● Exercise brief:
Reproduce, exactly and only, the lines of the data that follows from the one containing "Pianistul Dragoş Andrei" down to the one containing "DELORES large resin link statement necklace", without pictures.

● Data records:
== Segment start ==

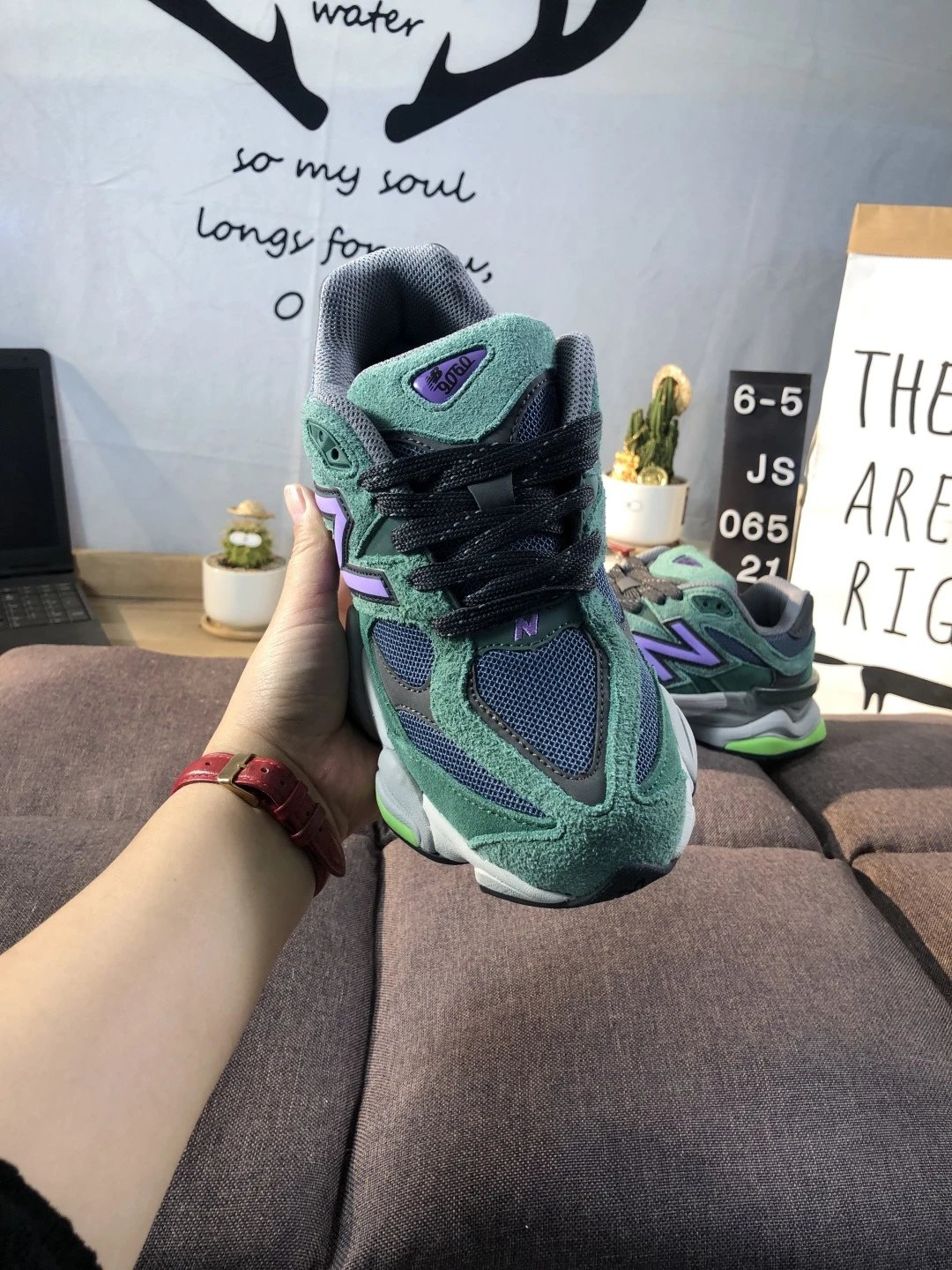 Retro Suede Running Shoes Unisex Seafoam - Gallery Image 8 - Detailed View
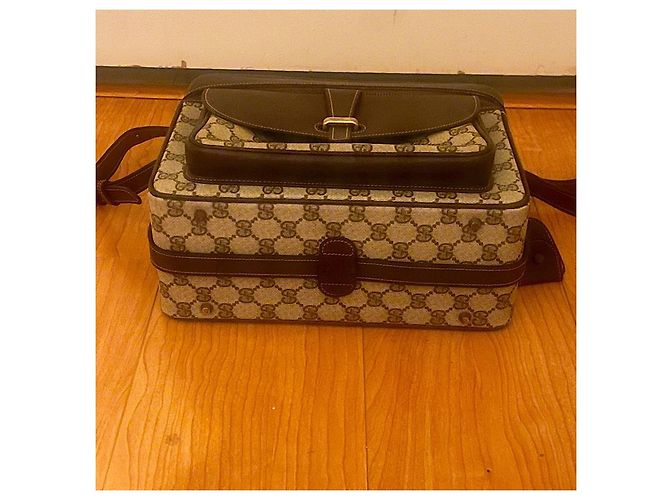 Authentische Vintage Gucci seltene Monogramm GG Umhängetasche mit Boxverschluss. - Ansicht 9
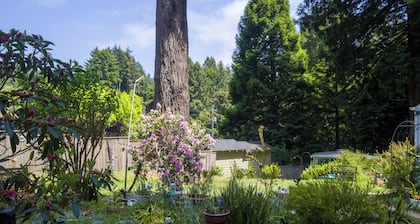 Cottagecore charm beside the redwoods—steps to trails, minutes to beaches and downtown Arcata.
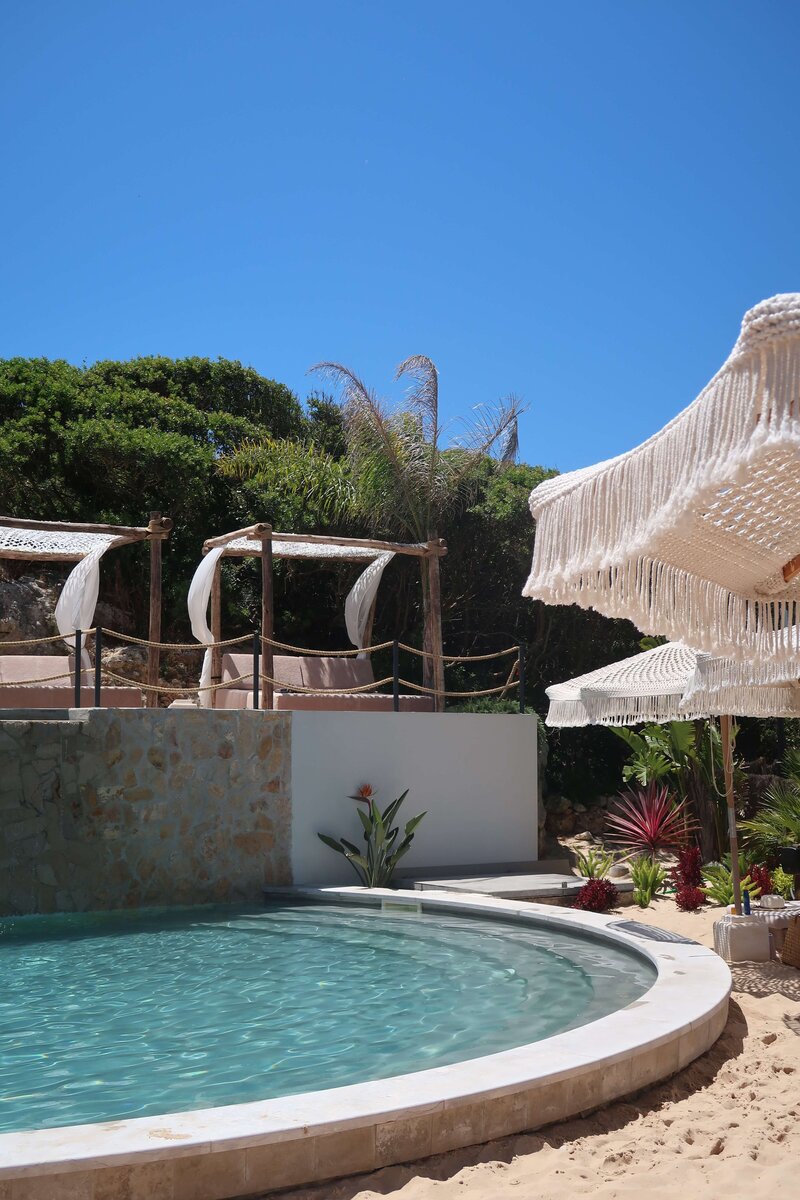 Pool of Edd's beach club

== Segment end ==
== Segment start ==

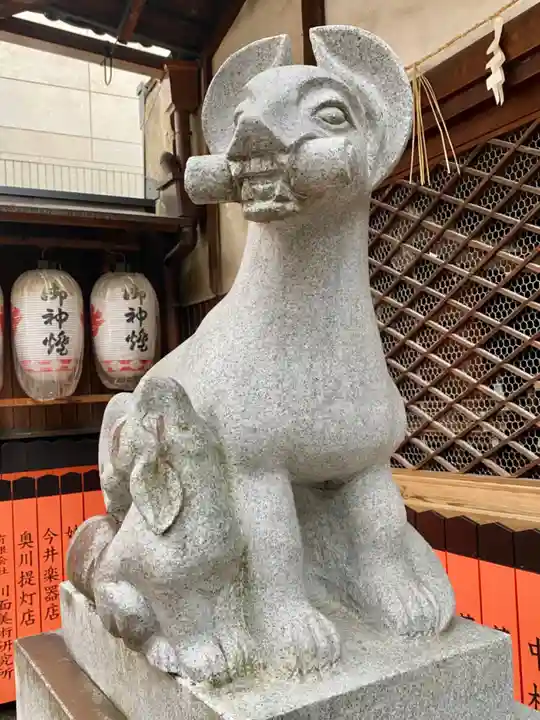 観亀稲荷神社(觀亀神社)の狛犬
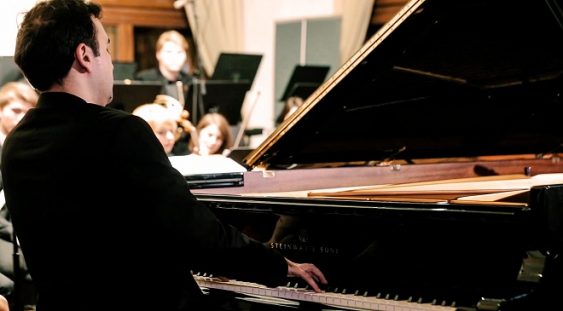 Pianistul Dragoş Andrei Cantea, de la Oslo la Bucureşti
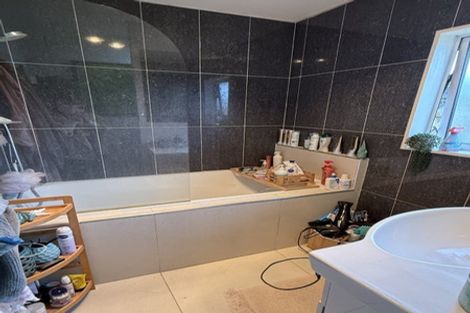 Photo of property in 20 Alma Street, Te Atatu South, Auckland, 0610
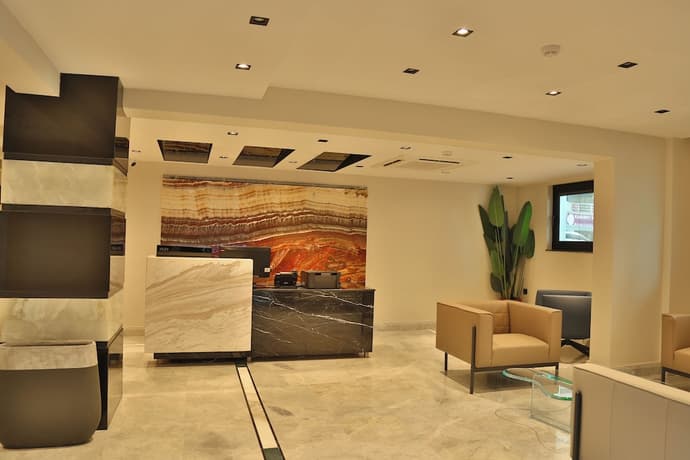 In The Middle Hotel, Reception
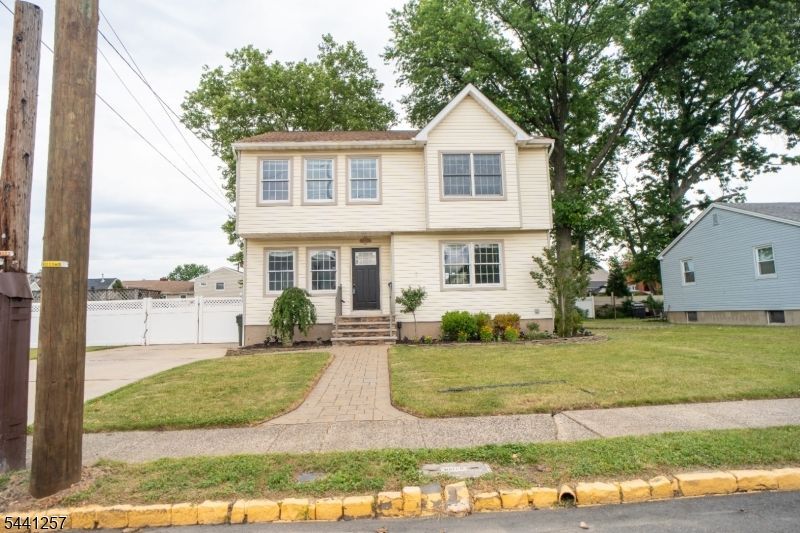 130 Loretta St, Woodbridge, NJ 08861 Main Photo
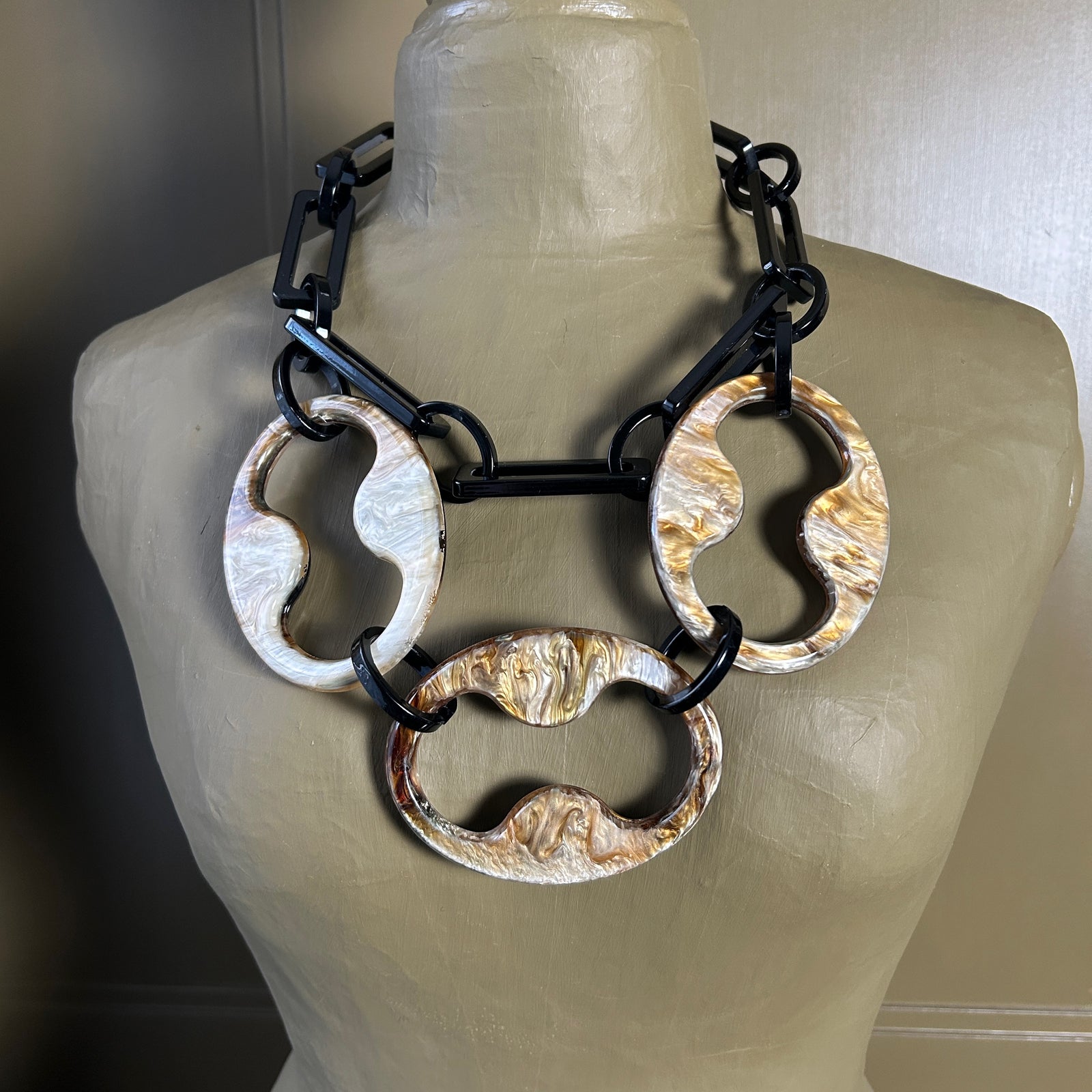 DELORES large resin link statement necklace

== Segment end ==

● Exercise answer:
 Pianistul Dragoş Andrei Cantea, de la Oslo la Bucureşti
 Photo of property in 20 Alma Street, Te Atatu South, Auckland, 0610
 In The Middle Hotel, Reception
 130 Loretta St, Woodbridge, NJ 08861 Main Photo
 DELORES large resin link statement necklace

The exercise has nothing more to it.